Scholarly and Academic projects are an important part of the California Frontier Project. These activities are aimed at uncovering and sharing knowledge, especially about lesser-known aspects of early California culture. Some of these projects have been completed, while others are ongoing. Below are brief descriptions of each of project and its outcome or projected outcome.
Surviving Secularization: A Mexican Franciscan in a Changing California 1833-1851
Author: Damian Bacich
José María del Refugio Suárez del Real was the last Franciscan missionary to serve at Mission Santa Clara. Arriving in Alta California in 1833, Suárez del Real was part of a group of Mexican-born Franciscans who were sent to replace Spanish Franciscans in a number of the northern missions. Originally stationed at Mission San Carlos Borromeo, he lived at Santa Clara from 1844 to 1851. Although known as a colorful character, Fr. Real, as he was known to his contemporaries, was a fairly misunderstood figure, who was blamed for much of the deterioration that marked the mission when it was taken over by the Jesuit order in the early 1850s. By reading the writings he left behind within the context of the events of the turbulent decades after mission secularization, we can better understand how Franciscan missionaries navigated such a difficult time period, and how they continued to carry out their mission, and how their identity shifted, from missionary protagonists to members of a marginalized minority.
Outcome: peer-reviewed article published in California History (Journal of the California Historical Society), summer 2017.

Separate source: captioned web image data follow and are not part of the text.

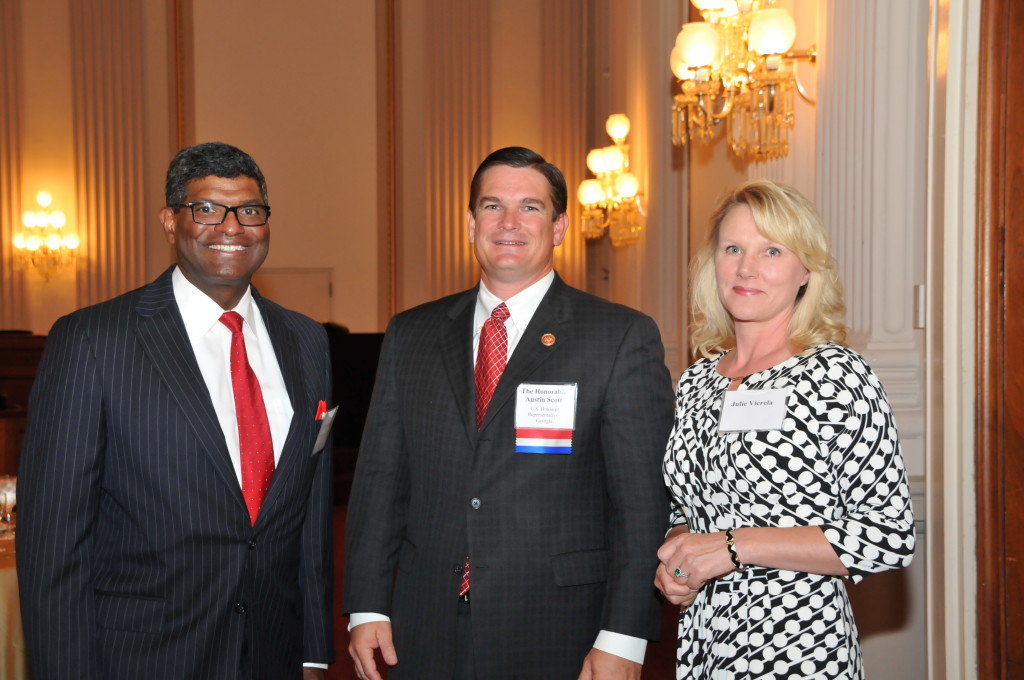 Leo Brooks (The Boeing Company), Representative Austin Scott (R-GA), and Julie Vierela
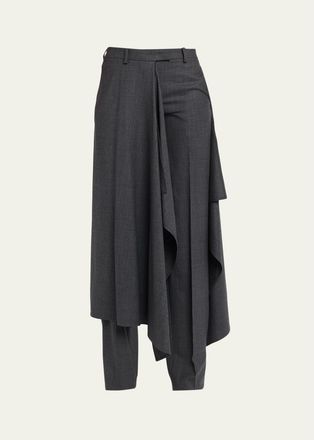 Michael Kors Asymmetric Overskirt Straight-Leg Trousers
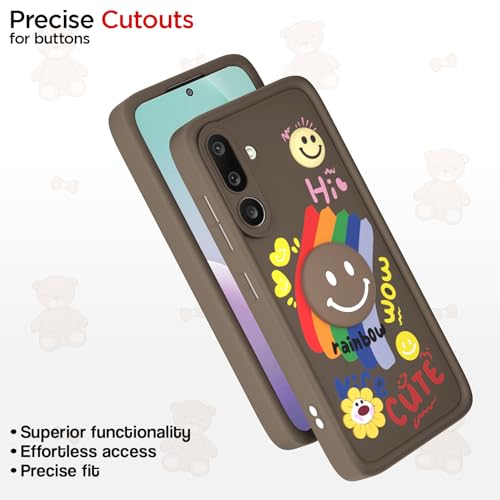 Image of Pikkme Back Cover for Samsung Galaxy M56 5G | Soft Silicone| Cute Rainbow Smile & 3D Cartoon Flower Design | Shockproof Raised Camera Protection Bumper Case (Brown)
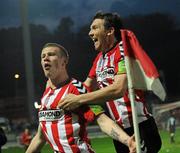 22 April 2011; James McClean, Derry City, celebrates with Kevin Deery after scoring his side's first goal. Airtricity League Premier Division, Derry City v St Patrick's Athletic, The Brandywell, Derry. Picture credit: Oliver McVeigh / SPORTSFILE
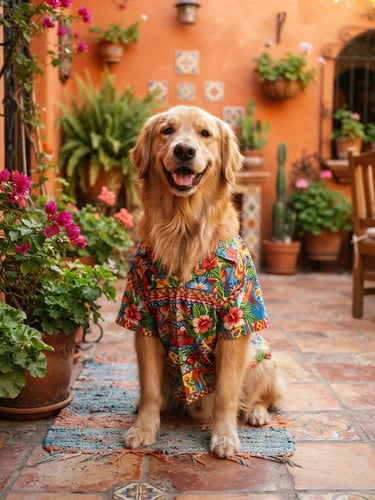 A happy golden retriever wearing a colorful handmade tropical shirt, sitting comfortably in a sunlit Mexican patio, warm natural light, 35mm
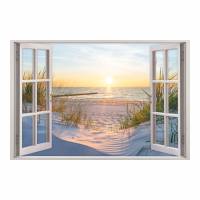 153 Wandtattoo Fenster - Ostseestrand Maritim - in 5 Größen - Wandbild Paradies Wanddeko Bild 1
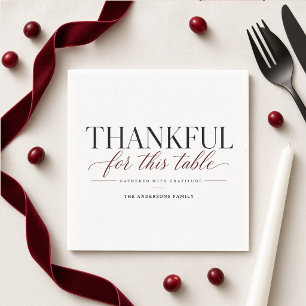 Thankful for This Table Personalized Burgundy Napkin
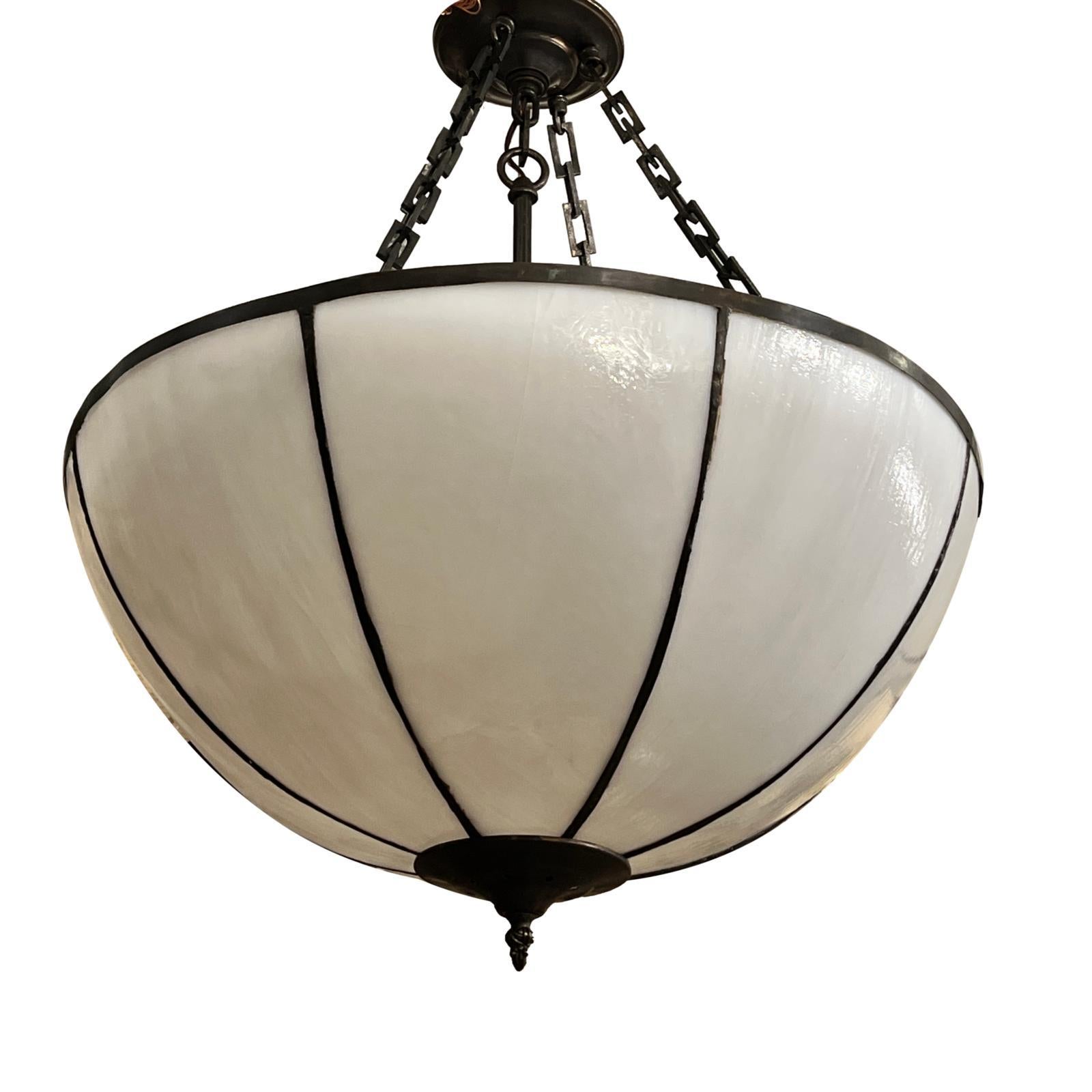 Mid-20th Century Set of Antique English Leaded Glass Pendant Light, Sold Individually For Sale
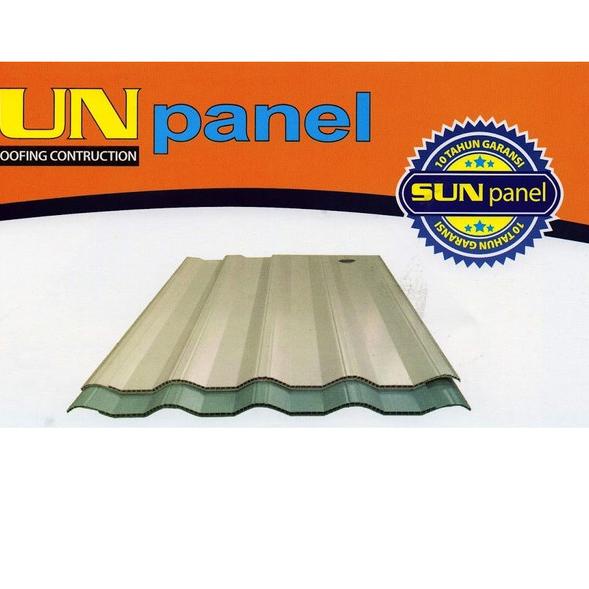 Atap uPVC Sunpanel 12mm (Putih, Biru, dan Semi-Transparan) Sun Panel - Putih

Sylveria Pacheco: A Californio Woman in a Changing Society
Author: Damian Bacich
Sylveria Pacheco was a frontier woman whose life spanned the decades of Spanish, Mexican and U.S. rule in the San Francisco Bay Area. A daughter of Anza party member and San Francisco Presidio soldier, Miguel Antonio Pacheco y del Valle, Sylveria was born and raised at Mission Santa Clara during the tenure of Fathers Magín Catalá and José Viader. In the 1830s she married German aristocrat Karl von Gerolt, only to be widowed a month after her wedding. Following secularization, she ran a boarding house for Anglo-American immigrants in what was the women’s neophyte dormitory at the mission during the tumultuous years of the U.S.-Mexico War and the annexation of Alta California. She later moved to the East Bay and married American immigrant, Charles H. Coles. She was also heiress to Rancho Arroyo de las Nueces y Bolbones, which later became the city of Walnut Creek. Her life was profiled in a 1916 issue of Bret Harte’s Overland Monthly.
As a woman, a single mother and a Californio, Sylveria Pacheco lived on the margins of the Spanish, Mexican and Anglo-American societies she inhabited. Yet she also persevered in adapting to the enormous changes she witnessed during her lifetime. An investigation of her life helps provide a more granular view of life in northern Alta California, one that doesn’t center on well-known historical figures, but instead on issues faced by ordinary people.
Outcome: Peer-reviewed journal article, published in the California Missions Foundation Boletín, 2017.
Novena to the Immaculate Conception attributed to Junípero Serra
Authors: Damian Bacich and Annemarie Bacich
As part of the preparations for an exhibit dedicated to the life of Junípero Serra, we came across information about a novena to the Virgin Mary attributed to Serra and published during his lifetime. First printed in Mexico in 1765 and a second time in 1770, the work is titled La Prelada de S. Fernando; Novena a la Concepción Inmaculada de Maria, distribuida por las nueve Letras de Ave Pulcra. The authorship of the text was ascribed to Junípero Serra by José Mariano Beristáin de Souza in his Biblioteca hispano americana setentrional (1816).
Although Serra’s authorship of this novena cannot be definitively proven at present, it certainly can shed light on the spirituality of his Franciscan contemporaries of College of San Fernando in Mexico City, and currents that affected him within such an important context.
The only extant copies are preserved at the Santa Barbara Mission Archive Library and the Biblioteca Nacional in Santiago Chile; a copy of the Chilean edition was obtained by Michael Mathes. Msgr. Francis Weber of the Archdiocese of Los Angeles later edited an English translation of the novena based the Santa Barbara and Santiago copies in honor of the Marian Year proclaimed by John Paul II in 1988.
We are currently preparing bilingual edition of the text with an introduction and a new transcription and translation.
Projected outcome: Peer-reviewed article, bilingual (Spanish/English) edition.